And _Alma_ isn't around to keep the pot stirred.


----------



## elgar's ghost (Aug 8, 2010)

This might be a contentious comment but had Bizet not composed Carmen then he'd surely only be a historical footnote. That's not to say I don't rate him as a composer but his reputation rests largely on just that wonderful work and, to a lesser extent, the symphony in C, the L'Arlesienne music and a couple of other opera highlights such as 'Au fond du temple saint'. Granted most of Saint-Saens' operas have fallen into neglect but Samson et Dalila is still justifiably very popular and as an 'all-rounder' he surely beats Bizet hands down - if anything Saint-Saens was probably too prolific and set in his ways for his own good which led to some accusations of being a 'conveyor-belt' composer like Telemann in the previous century. Bizet's output as a whole has an imbalance that reminds me of another ill-fated great whose reputation rests on one towering operatic achievement and a smattering of other works - Mussorgsky. To sum up: Bizet was an impulsive but flawed genius who staked everything on success in the theatre and had his fair share of pre-Carmen clunkers whereas Saint-Saens was a master craftsman who was content to (and capable of) turning his hand to almost anything.


----------



## StlukesguildOhio (Dec 25, 2006)

This might be a contentious comment but had Bizet not composed Carmen then he'd surely only be a historical footnote.

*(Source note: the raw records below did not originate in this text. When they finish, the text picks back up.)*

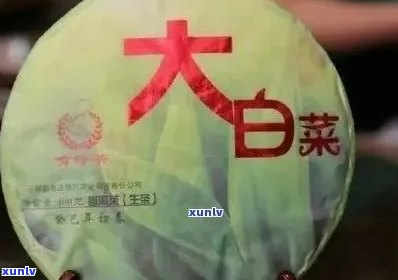 新 大白菜普洱茶一号与二号：独特口感与健价值的完美融合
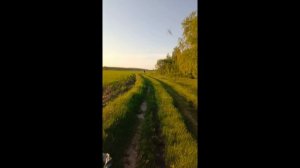 5Е 6 Е 7 Е ПОЛОЖЕНИЕ ОРТОДОКСИИ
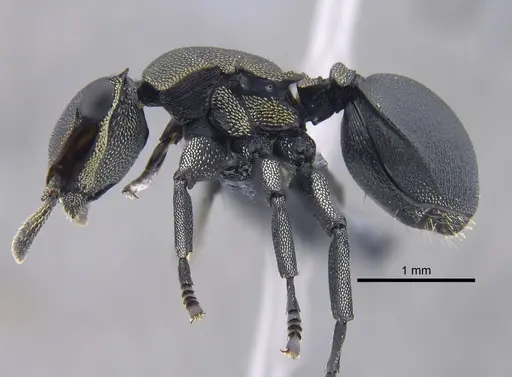 Cephalotes femoralis specimen CBUMAGENT41886 image cbumagent41886_3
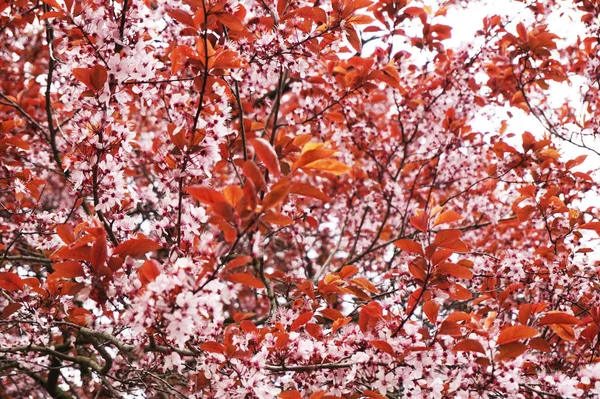 Flores de cerezas de primavera —  Fotos de Stock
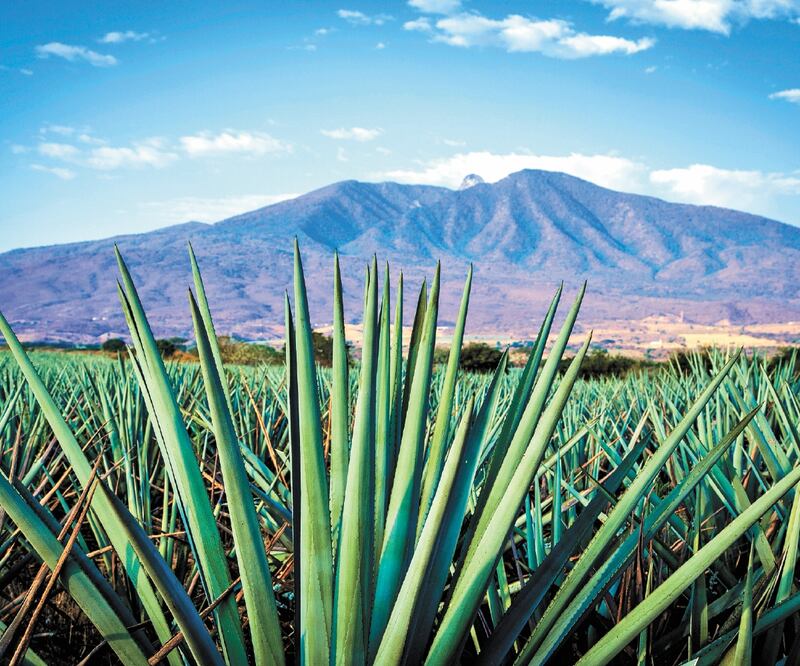 De acuerdo con la CNIT, se prevé que en 2021 la producción de tequila va a tener un crecimiento de 5%. Foto: ARCHIVO EL UNIVERSAL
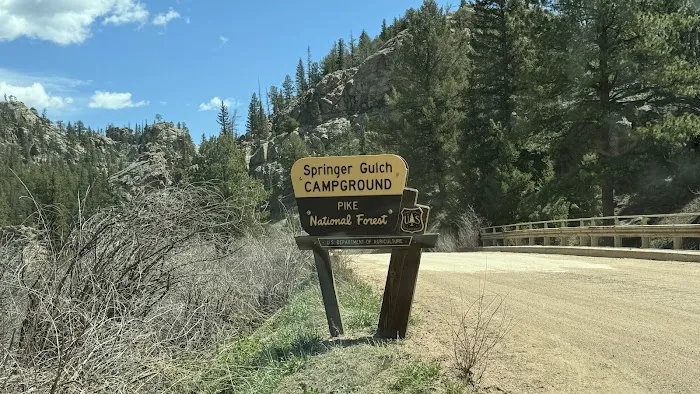 Springer Gulch 4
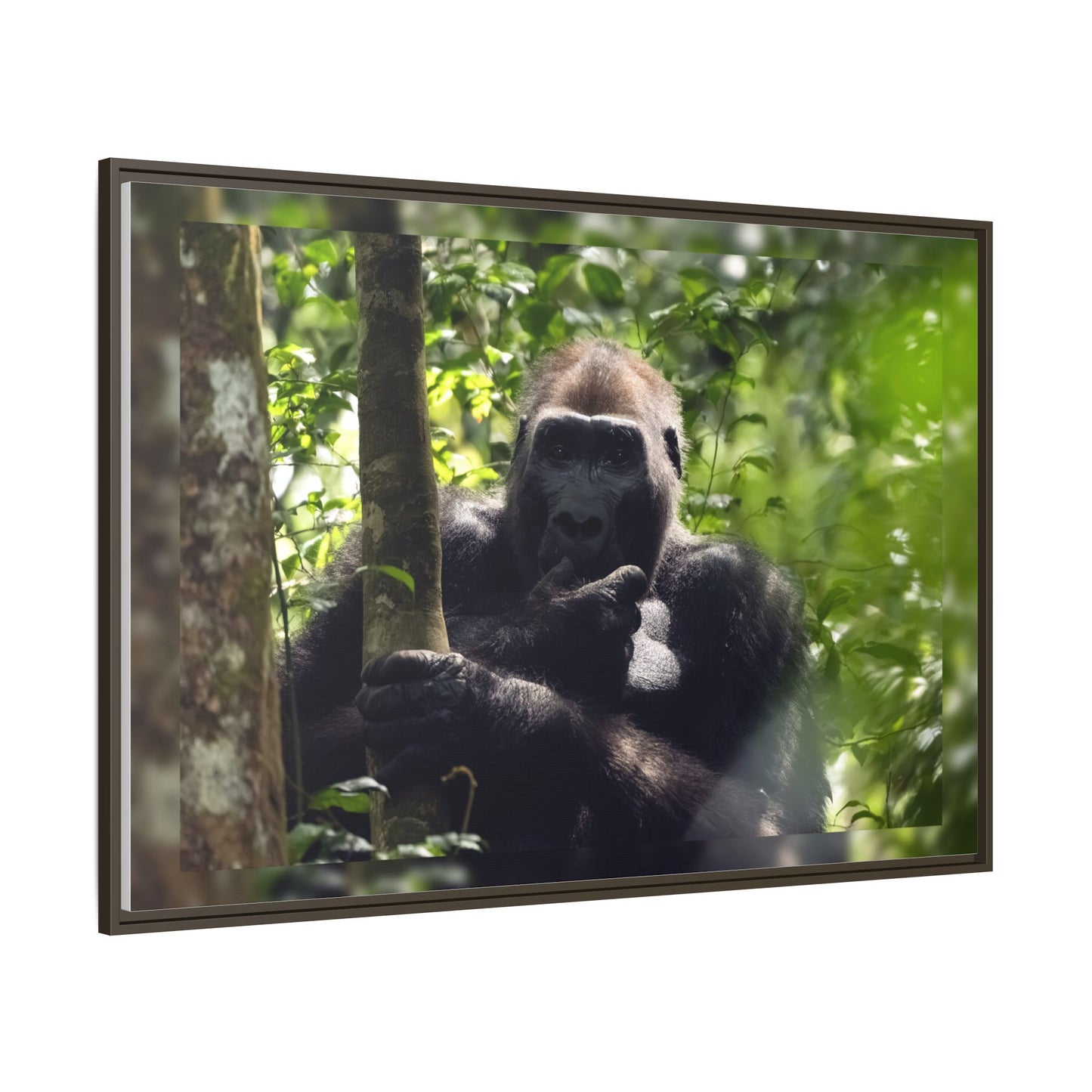 Silverback Gorilla Framed Canvas Wall Art, Gabon Africa Wildlife Photography Print, Safari Animal Decor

Nonsense. Bizet is one of those composers... almost like Vivaldi, whose reputation rests upon a single spectacular work... but only to those not bothering to delve a bit deeper. _Carmen_ wasn't Bizet's only opera of merit. Enter the name Bizet into Amazon's search engine and you'll find that after Carmen and the Symphony in C the third work to pop up is The Pearl Fishers (Les Pecheurs de Perles)










There must be at least ten recordings of this work by major performers/companies... as well as DVDs

Bizet composed a slew of other operas... a number of which remain available in recording:










Bizet was also a talented song-writer... one of many from the period:










Neither would I suggest that the L' Arlésienne suites, the Symphony in C, the Petite Suite for orchestra of Jeux d'enfants, or the La Jolie Fille de Perth orchestral suite are not works to be swept aside.










Unfortunately Bizet died early (his late 30s) and there is little doubt that Saint-Saëns, who lived over twice as long as Bizet, produced a far greater body of marvelous music.


----------



## StlukesguildOhio (Dec 25, 2006)

The funny thing is, I think both of these composers would have considered opera to be a pretty fair choice on a list of benchmarks. Did TC all of a sudden become markedly less opera friendly? So many members here have even said lately that they just don't like the voice being used in music... I even remember reading one thread in particular about a member who was psyched about meeting a certain female singer, and a whole bunch of us posted in that thread and followed his story like it was a big event around here, looked at pictures, and generally kept the thread going until it was another sizable one. Where have all these guys gone?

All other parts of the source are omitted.